RogerBW's Blog

Perl Weekly Challenge 91: Number Jump 18 December 2020

I’ve been doing the Perl Weekly Challenges. The latest involved breaking down numbers and following sequences. (Note that this is open until 20 December 2020.)

TASK #1 › Count Number

You are given a positive number $N.

Write a script to count number and display as you read it.

The examples make this clearer. For each subsequence of identical digits, emit (the length of that subsequence) followed by (the digit), the whole lot to be concatenated into a single string. (As usual, the question of why one might want to do this is elided.)

This is the Perl weekly challenge so I do it with regular expressions.

sub cn {
  my $n=shift;
  my @j=$n =~ /((.)\2*)/g;

This is a little bit awkward, because I end up capturing both the full subsequence ("333") and the individual character ("3").

  my @out;
  while (@j) {
    push @out,length(shift @j);
    push @out,shift @j;
  return join('',@out);

Raku returns a bunch of match objects, so I can stringify them and just pull out the full subsequence.

  my @j=$n ~~ m:g/((.)$0*)/;
  my @out;
  for @j -> $match {
    my $q=$match.Str;

(Why $0 rather than $1? I have no idea.)

Python is more like Perl, though it gives me a list of lists rather than a flat list.

    for mch in m:

and Ruby looks remarkably like Python. (Obviously the use of the intermediate variable j is a holdover from the Perl code; for all the other languages I could use the regexp evaluation directly as a loop iterator.)

def cn(n)
  j.each do |x|
  return out.join

Rust is a bit different, because its built-in regexp library doesn't do backreferences (which makes it faster, and they aren't often needed). There's an external library which can do them, but I wanted to keep things simple. So instead I just iterate through the string, noting when the character changes. Yeah, probably the if count>0 clause should have gone in a subroutine rather than being duplicated.

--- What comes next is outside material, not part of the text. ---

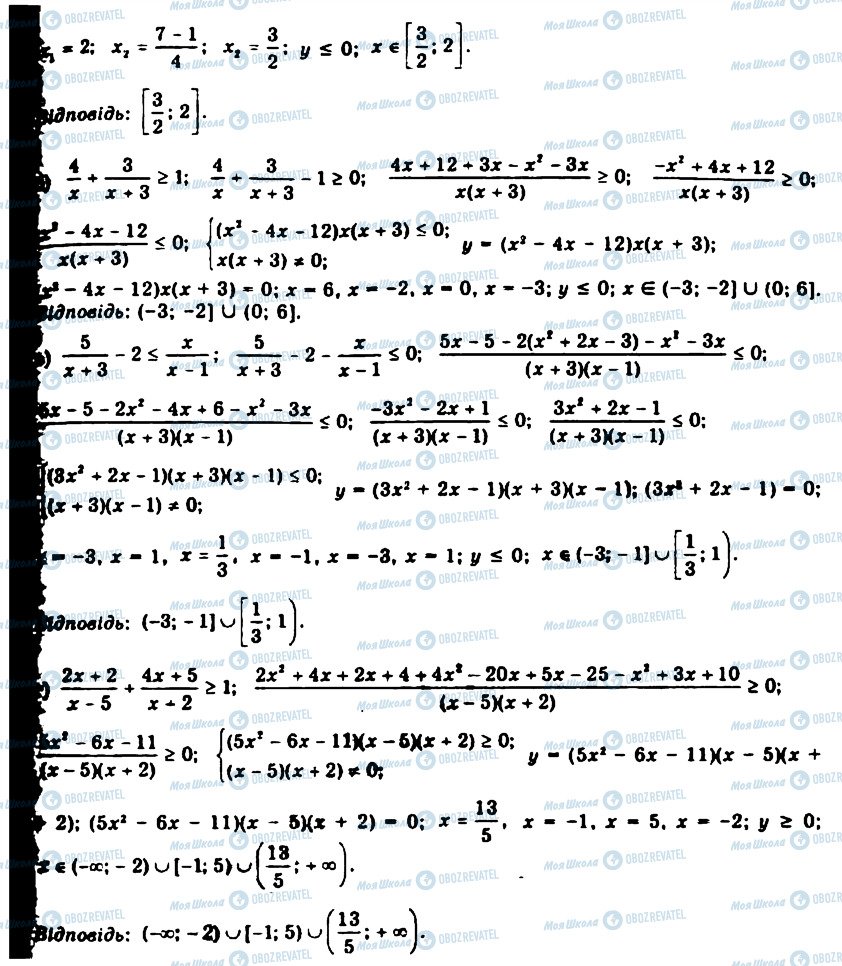 ГДЗ Алгебра 11 класс страница 1397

fn cn(n: String) -> String {
    let mut out="".to_string();
    let mut ch='x';
    let mut count=0;
    for c in n.chars() {
        if c == ch {
            count += 1;
        } else {
            if count>0 {
    if count>0 {
    return out;

TASK #2 › Jump Game

You are given an array of positive numbers @N, where value at each index determines how far you are allowed to jump further.

Write a script to decide if you can jump to the last index. Print 1 if you are able to reach the last index otherwise 0.

Again this is made clearer by the examples. Start at index 0. Add to the current index the value at that index. Repeat. If you will eventually reach the final index, return 1, otherwise return 0.

The examples give two outcomes: a successful completion (1,2,1,2), or a system which will hit a value of 0 (not, I note, a positive number!), producing an infinite loop (2,1,1,0,2). Another possible outcome is a jump beyond the end of the array, which I assume must also return 0: (2,1).

Well, that's pretty straightforward:

sub jg {
  my $n=shift;
  my $mx=$#{$n};
  my $p=0;
  while (1) {

The success case: landed on the final entry.

    if ($p == $mx) {
      return 1;

The failure cases: run off the end or landed on a zero. If we were allowed negative numbers I'd also check for the case $p < 0. If the setter intended that running off the end counted as a success, the changes would be obvious.

    } elsif ($p > $mx || $n->[$p] == 0) {
      return 0;

The other languages are basically the same except for minor differences of syntax.

Full code on github.

Comments on this post are now closed. If you have particular grounds for adding a late comment, comment on a more recent post quoting the URL of this one.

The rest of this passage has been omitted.